##### INPUT MATERIAL

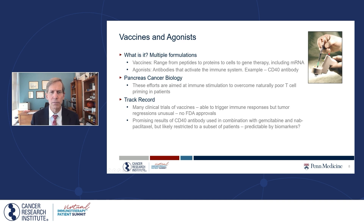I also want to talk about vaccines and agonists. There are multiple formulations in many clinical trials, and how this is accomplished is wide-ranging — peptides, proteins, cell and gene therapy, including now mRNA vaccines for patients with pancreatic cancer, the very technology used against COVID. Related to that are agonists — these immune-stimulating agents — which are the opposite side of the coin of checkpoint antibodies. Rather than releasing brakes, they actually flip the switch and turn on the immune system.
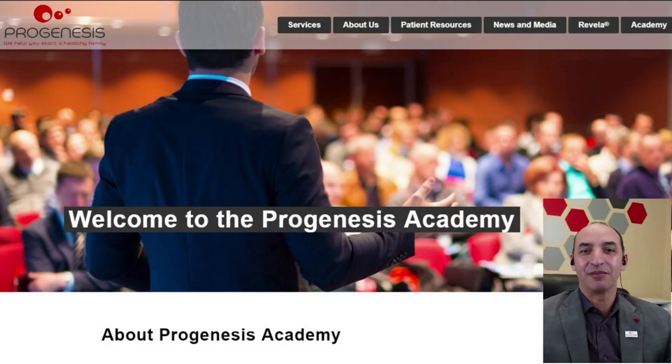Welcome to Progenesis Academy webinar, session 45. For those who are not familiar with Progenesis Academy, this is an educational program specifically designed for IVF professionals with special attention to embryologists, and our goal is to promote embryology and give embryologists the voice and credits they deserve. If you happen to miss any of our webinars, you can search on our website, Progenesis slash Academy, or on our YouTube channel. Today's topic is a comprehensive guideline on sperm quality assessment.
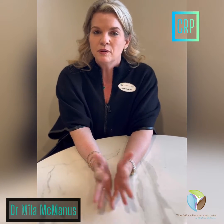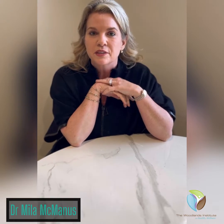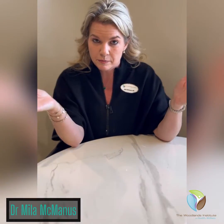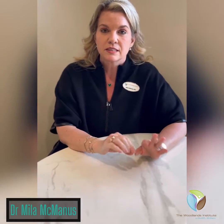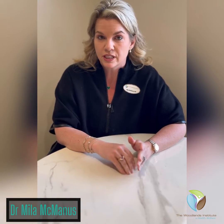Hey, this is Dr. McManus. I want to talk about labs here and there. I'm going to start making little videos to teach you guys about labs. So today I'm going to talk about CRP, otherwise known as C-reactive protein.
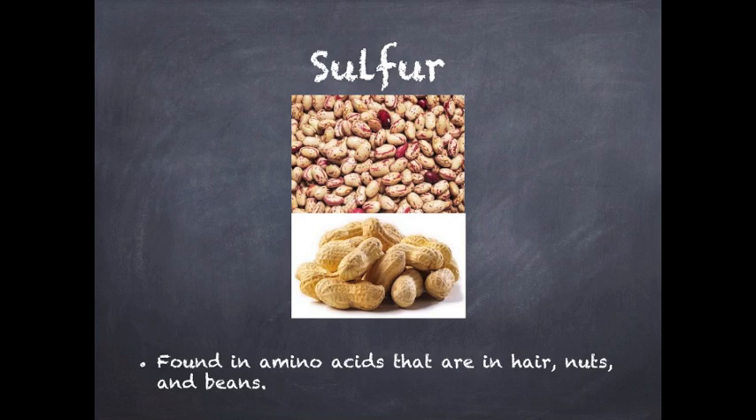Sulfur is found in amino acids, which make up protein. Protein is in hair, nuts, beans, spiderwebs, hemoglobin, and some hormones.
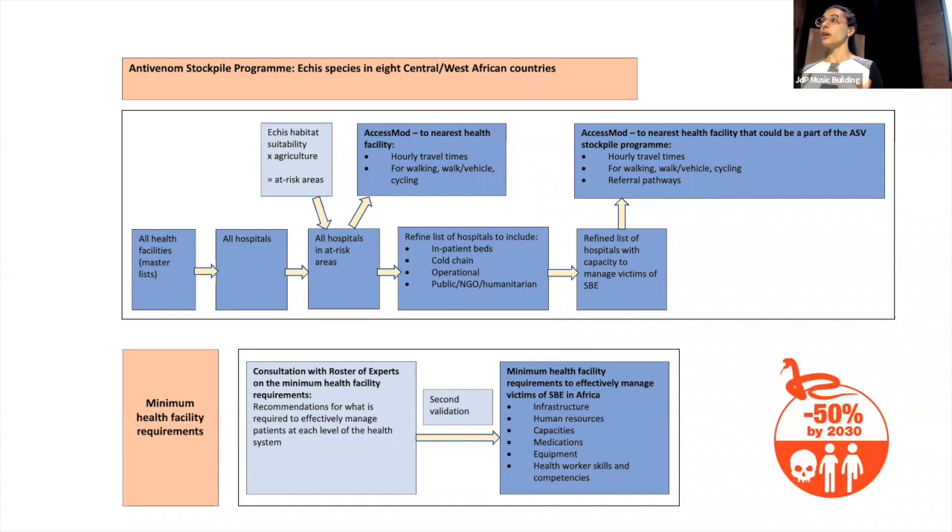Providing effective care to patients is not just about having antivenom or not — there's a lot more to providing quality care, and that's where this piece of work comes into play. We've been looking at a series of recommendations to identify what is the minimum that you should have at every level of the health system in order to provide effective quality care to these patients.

##########
##### INPUT MATERIAL

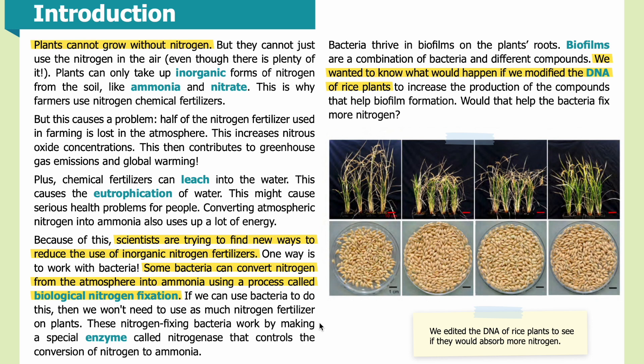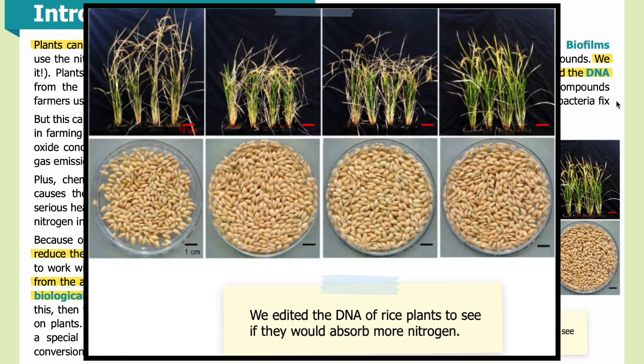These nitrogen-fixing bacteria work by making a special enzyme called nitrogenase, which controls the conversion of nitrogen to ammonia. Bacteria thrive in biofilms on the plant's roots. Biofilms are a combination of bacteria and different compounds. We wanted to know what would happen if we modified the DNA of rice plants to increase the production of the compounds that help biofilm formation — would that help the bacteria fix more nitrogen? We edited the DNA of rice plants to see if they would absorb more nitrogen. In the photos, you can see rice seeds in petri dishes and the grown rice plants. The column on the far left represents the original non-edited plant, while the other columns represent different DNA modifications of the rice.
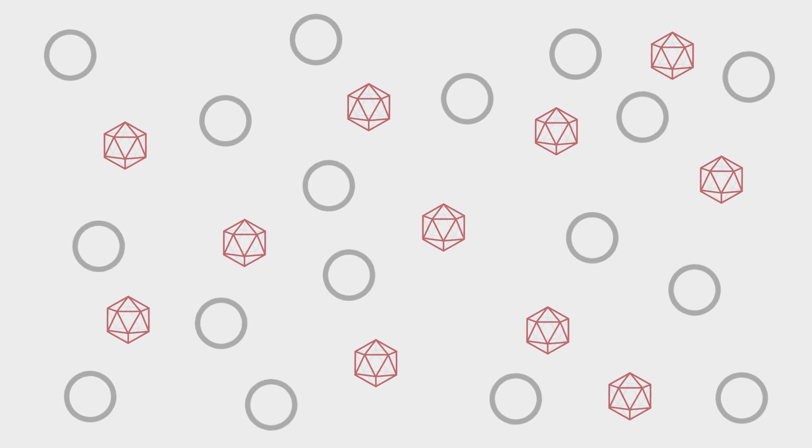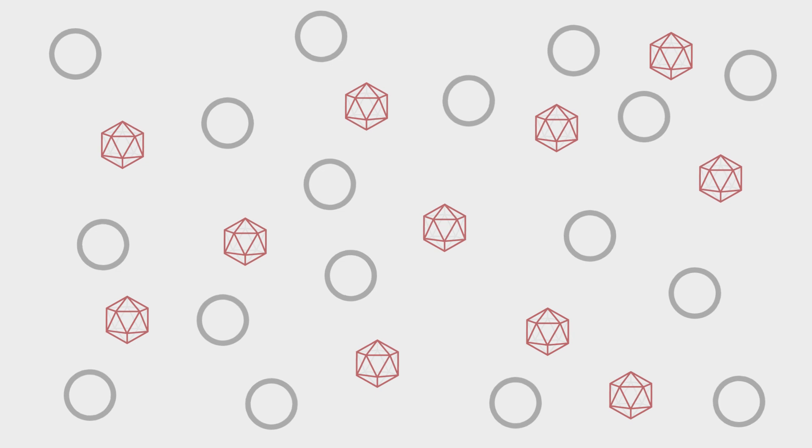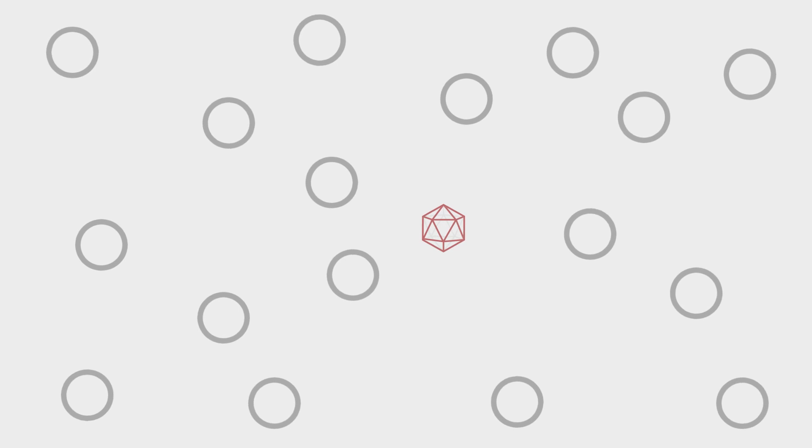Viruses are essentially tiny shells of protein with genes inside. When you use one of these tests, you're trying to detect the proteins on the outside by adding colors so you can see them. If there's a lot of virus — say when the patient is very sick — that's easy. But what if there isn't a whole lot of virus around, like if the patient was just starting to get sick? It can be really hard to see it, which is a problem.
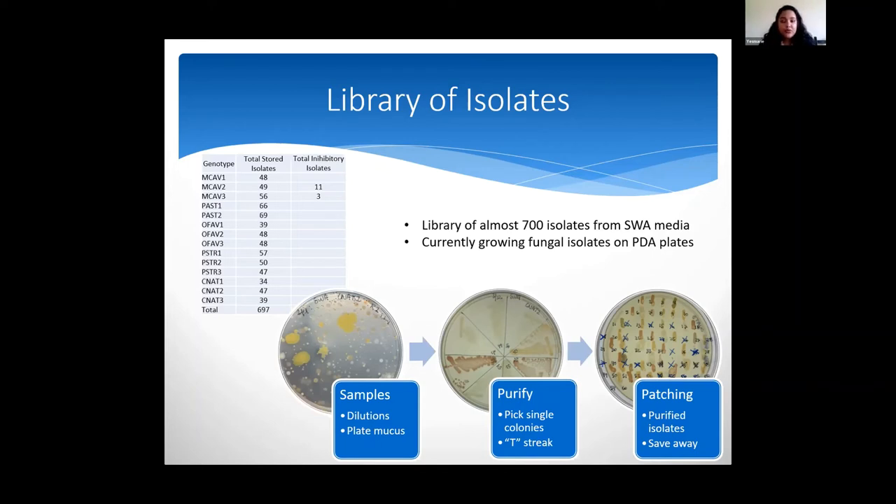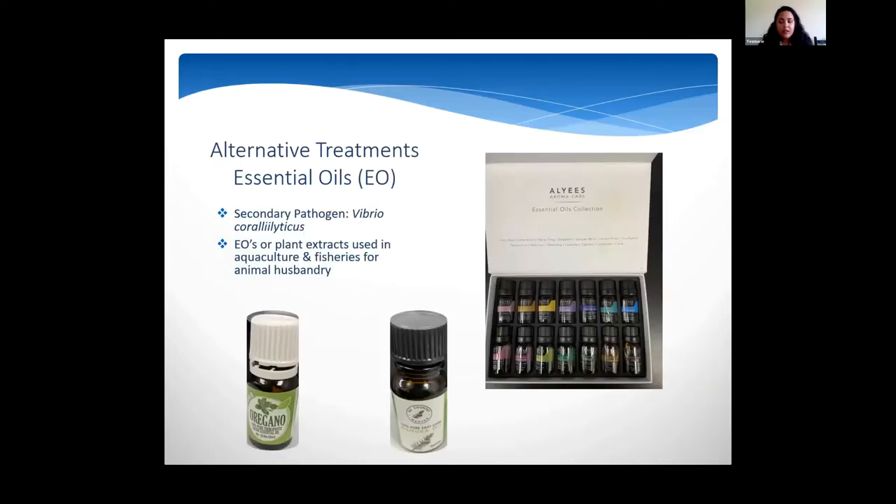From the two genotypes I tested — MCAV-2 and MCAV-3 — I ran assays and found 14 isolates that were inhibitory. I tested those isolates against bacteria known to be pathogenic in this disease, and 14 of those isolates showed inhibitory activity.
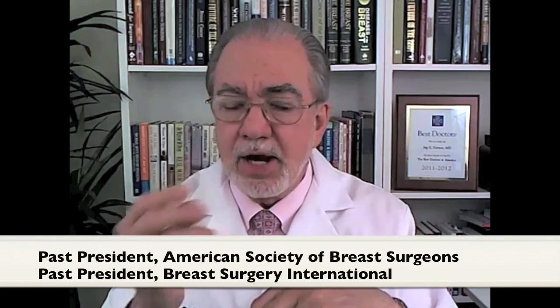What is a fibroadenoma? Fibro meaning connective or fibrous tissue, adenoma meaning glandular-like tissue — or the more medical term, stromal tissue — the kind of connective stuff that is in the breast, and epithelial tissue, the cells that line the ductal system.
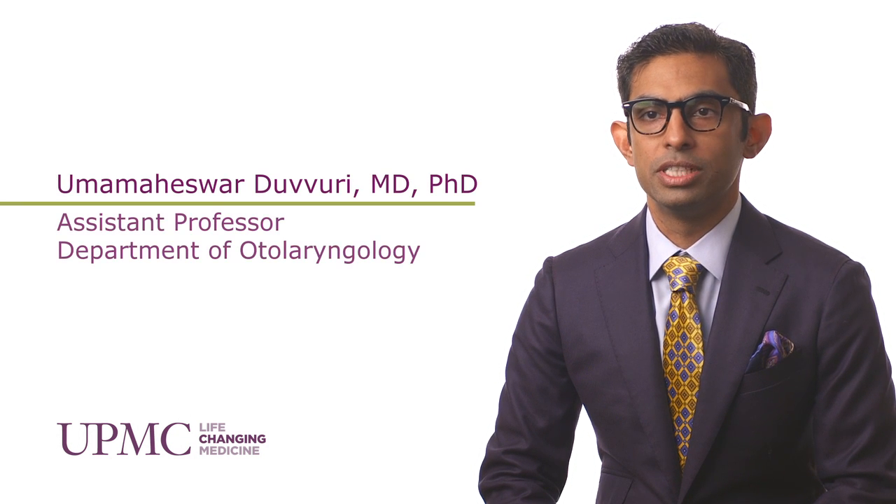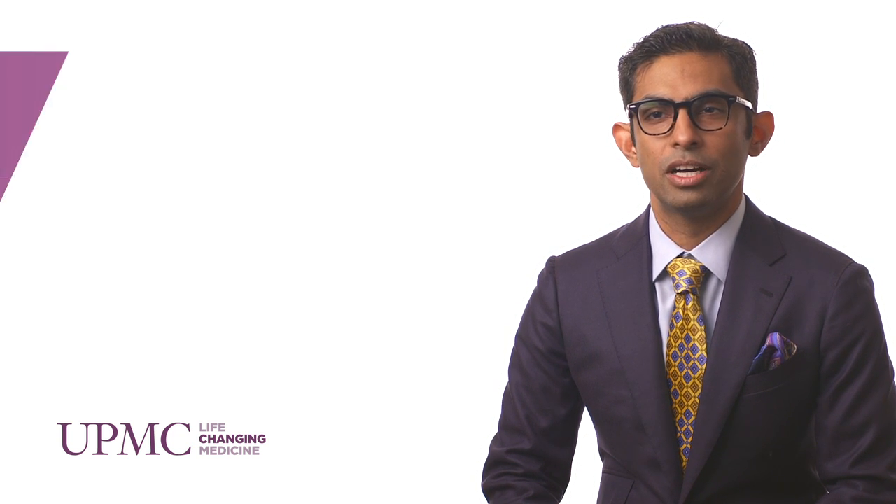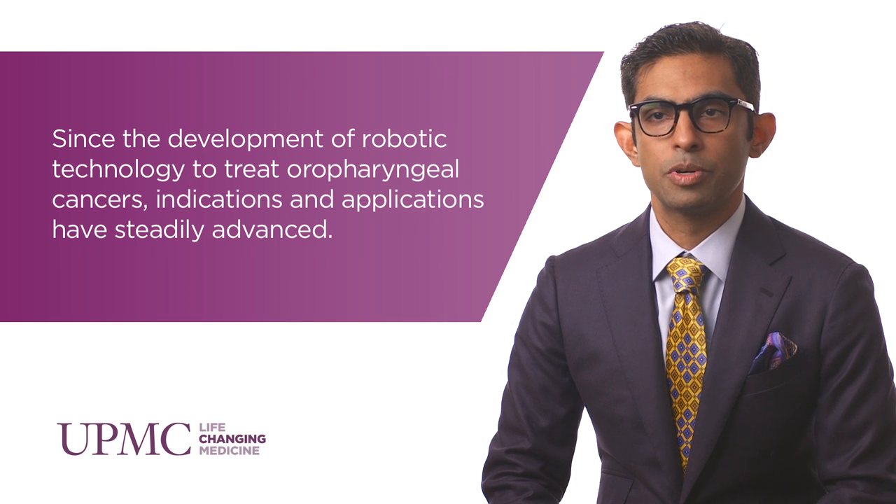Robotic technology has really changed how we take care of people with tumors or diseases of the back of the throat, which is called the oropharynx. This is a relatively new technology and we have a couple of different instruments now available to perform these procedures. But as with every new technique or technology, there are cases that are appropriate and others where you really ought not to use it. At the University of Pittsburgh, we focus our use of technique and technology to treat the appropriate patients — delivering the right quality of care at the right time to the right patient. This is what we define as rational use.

##########
##### INPUT MATERIAL

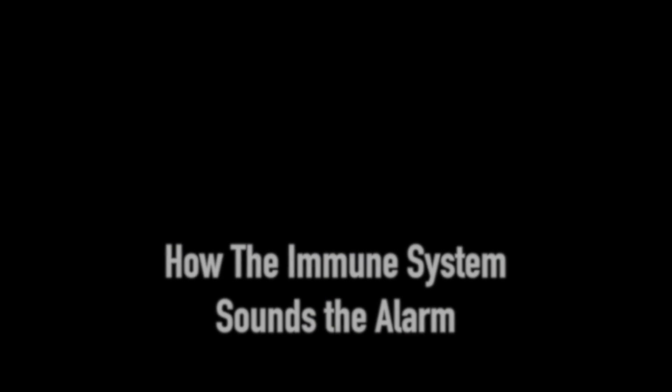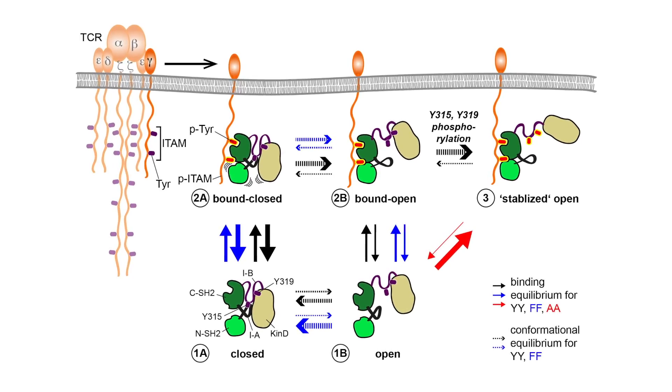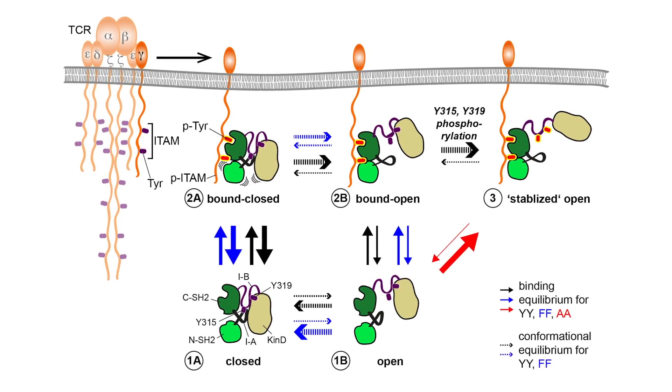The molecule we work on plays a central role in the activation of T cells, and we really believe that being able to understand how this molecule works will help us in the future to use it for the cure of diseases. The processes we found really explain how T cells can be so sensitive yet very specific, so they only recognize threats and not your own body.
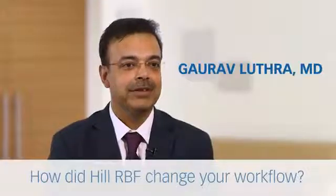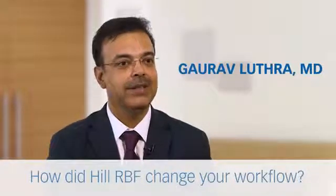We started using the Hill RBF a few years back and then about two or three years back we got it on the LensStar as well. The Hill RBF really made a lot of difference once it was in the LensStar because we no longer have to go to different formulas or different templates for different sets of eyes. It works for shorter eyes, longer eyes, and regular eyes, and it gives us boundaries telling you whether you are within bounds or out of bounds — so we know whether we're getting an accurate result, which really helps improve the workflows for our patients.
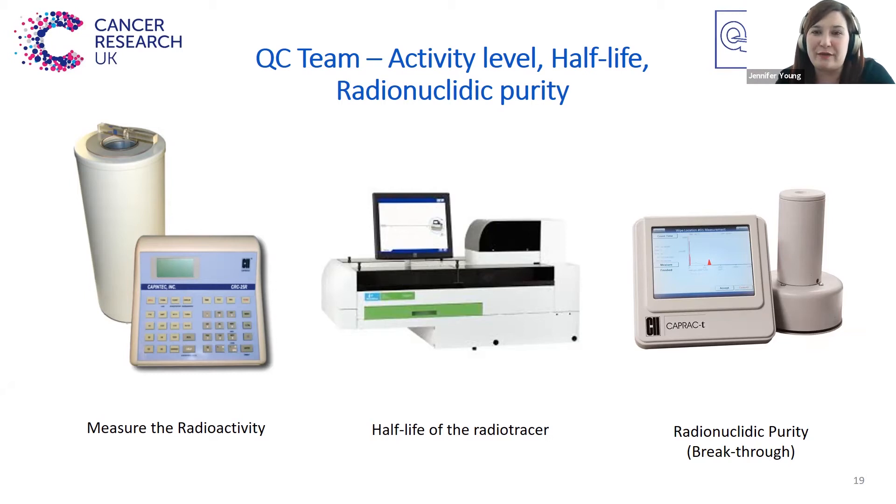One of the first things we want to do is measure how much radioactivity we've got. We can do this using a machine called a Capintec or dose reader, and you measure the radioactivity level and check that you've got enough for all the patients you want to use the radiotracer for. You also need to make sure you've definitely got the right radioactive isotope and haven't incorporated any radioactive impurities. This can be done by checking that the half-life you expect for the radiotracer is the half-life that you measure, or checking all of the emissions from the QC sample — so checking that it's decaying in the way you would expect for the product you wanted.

##########

Only one stretch of the entries above is needed: the lines from the one containing "Sulfur is found" through the one containing "Providing effective care". Copy it exactly, without the pictures.

Sulfur is found in amino acids, which make up protein. Protein is in hair, nuts, beans, spiderwebs, hemoglobin, and some hormones.
Providing effective care to patients is not just about having antivenom or not — there's a lot more to providing quality care, and that's where this piece of work comes into play. We've been looking at a series of recommendations to identify what is the minimum that you should have at every level of the health system in order to provide effective quality care to these patients.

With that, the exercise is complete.